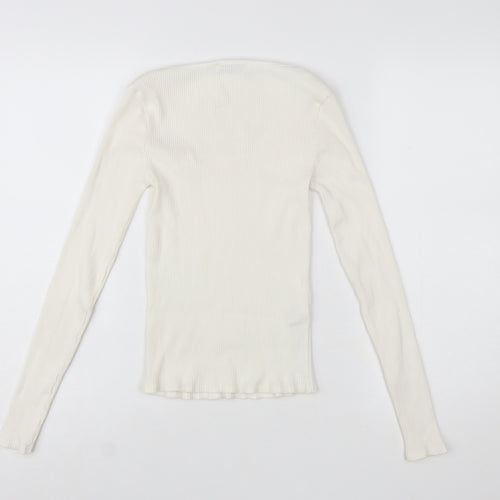 MNG Women Ivory Long Sleeve Square Neck Slim Fit Top M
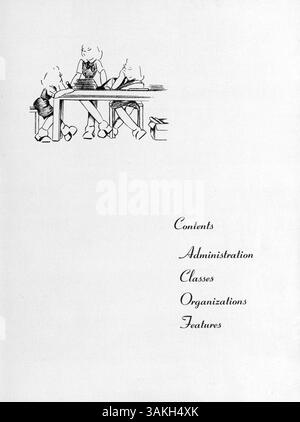 Das Angelus Yearbook 1945 der Academy of Holy Angels zeichnet Studenten, Dozenten, Vereine, Leichtathletik und wichtige Ereignisse aus dem Schuljahr 1944-1945 auf. Stockfoto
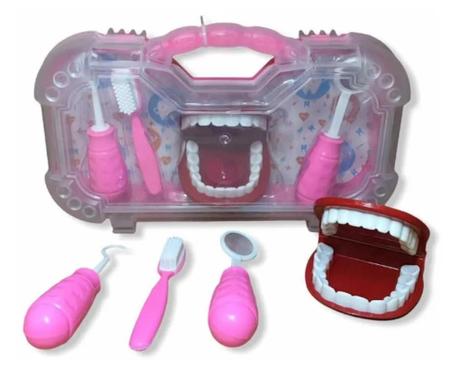 Maleta Kit Dentista Infantil Dentista 4 Peças Rosa Pakitoys :  : Brinquedos e Jogos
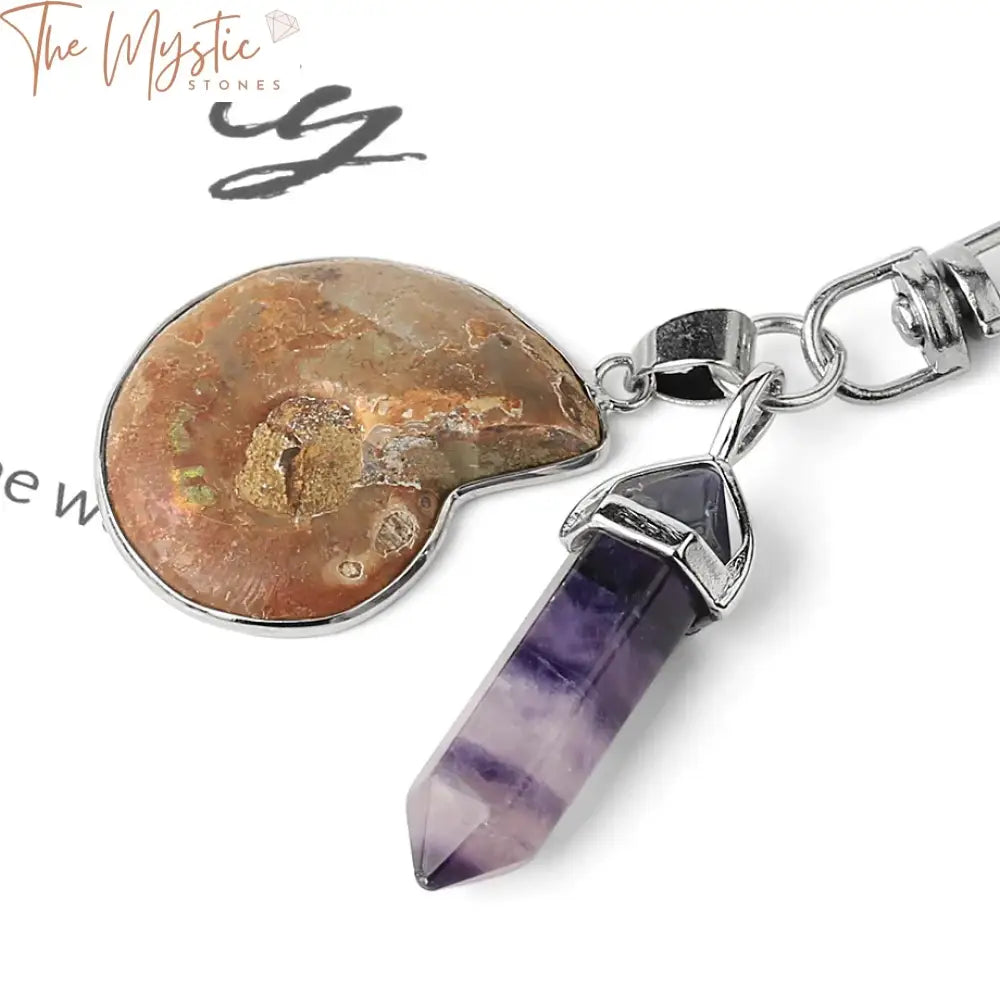 Ammonite Fluorite Gemstone Keychain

________________________

(The problem) With the images removed, reproduce all the material above word for word.

(Result below)
 MNG Women Ivory Long Sleeve Square Neck Slim Fit Top M
 Das Angelus Yearbook 1945 der Academy of Holy Angels zeichnet Studenten, Dozenten, Vereine, Leichtathletik und wichtige Ereignisse aus dem Schuljahr 1944-1945 auf. Stockfoto
 Maleta Kit Dentista Infantil Dentista 4 Peças Rosa Pakitoys :  : Brinquedos e Jogos
 Ammonite Fluorite Gemstone Keychain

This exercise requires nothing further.